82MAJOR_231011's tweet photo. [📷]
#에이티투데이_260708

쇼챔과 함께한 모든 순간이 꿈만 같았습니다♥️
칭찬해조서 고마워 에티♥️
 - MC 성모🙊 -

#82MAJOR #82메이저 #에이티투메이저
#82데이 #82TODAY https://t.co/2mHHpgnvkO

--

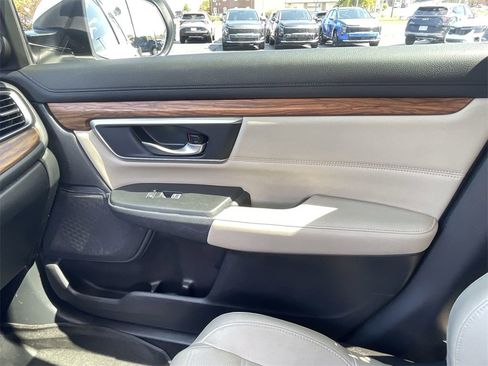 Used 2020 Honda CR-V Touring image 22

* * *

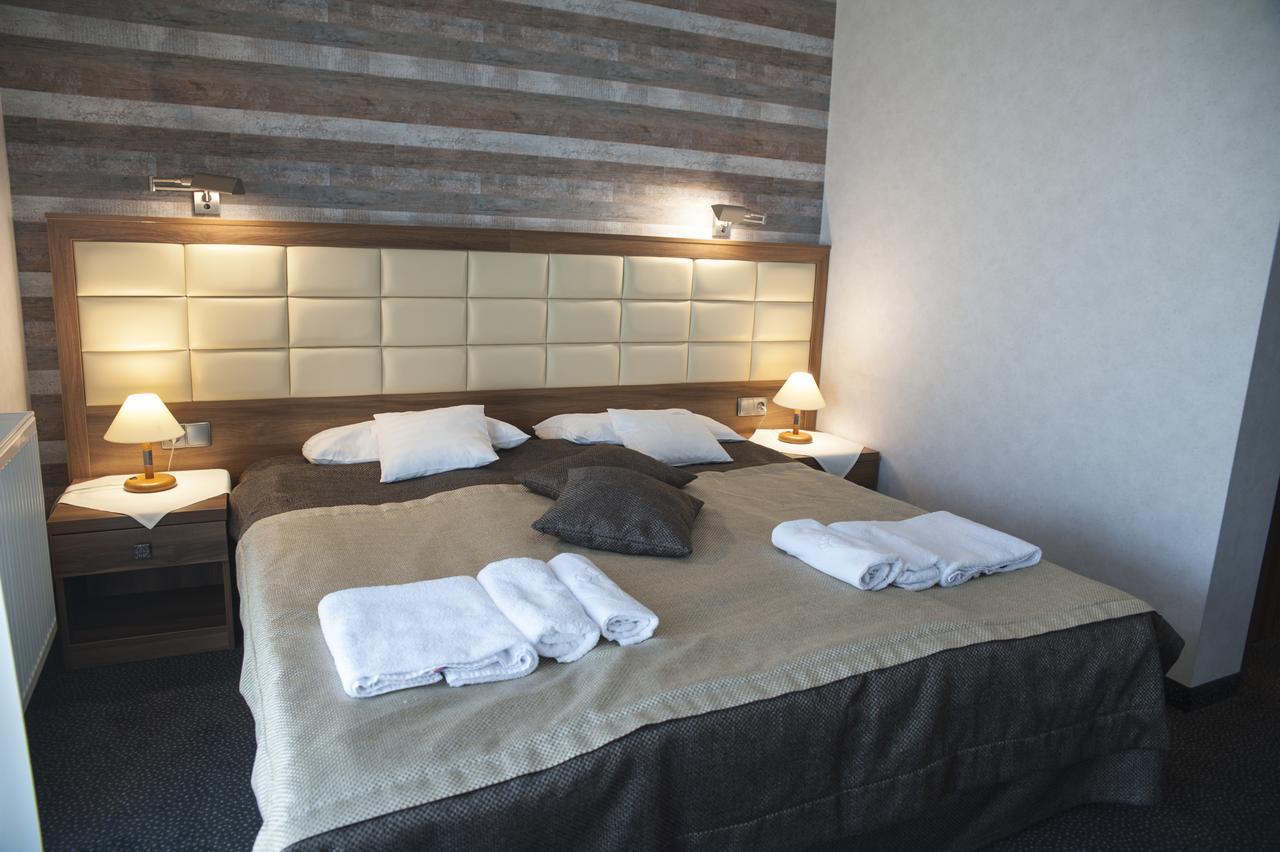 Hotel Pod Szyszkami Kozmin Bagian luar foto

▶ **EXERCISE GOAL**: The range runs from the line above containing "쇼챔과 함께한 모든 순간이 꿈만 같았습니다♥️" to the line containing "#82데이 #82TODAY https://t.co/2mHHpgnvkO", inclusive. Restate those lines word for word and no others.

▶ **RESPONSE TO THIS TASK**:
쇼챔과 함께한 모든 순간이 꿈만 같았습니다♥️
칭찬해조서 고마워 에티♥️
 - MC 성모🙊 -

#82MAJOR #82메이저 #에이티투메이저
#82데이 #82TODAY https://t.co/2mHHpgnvkO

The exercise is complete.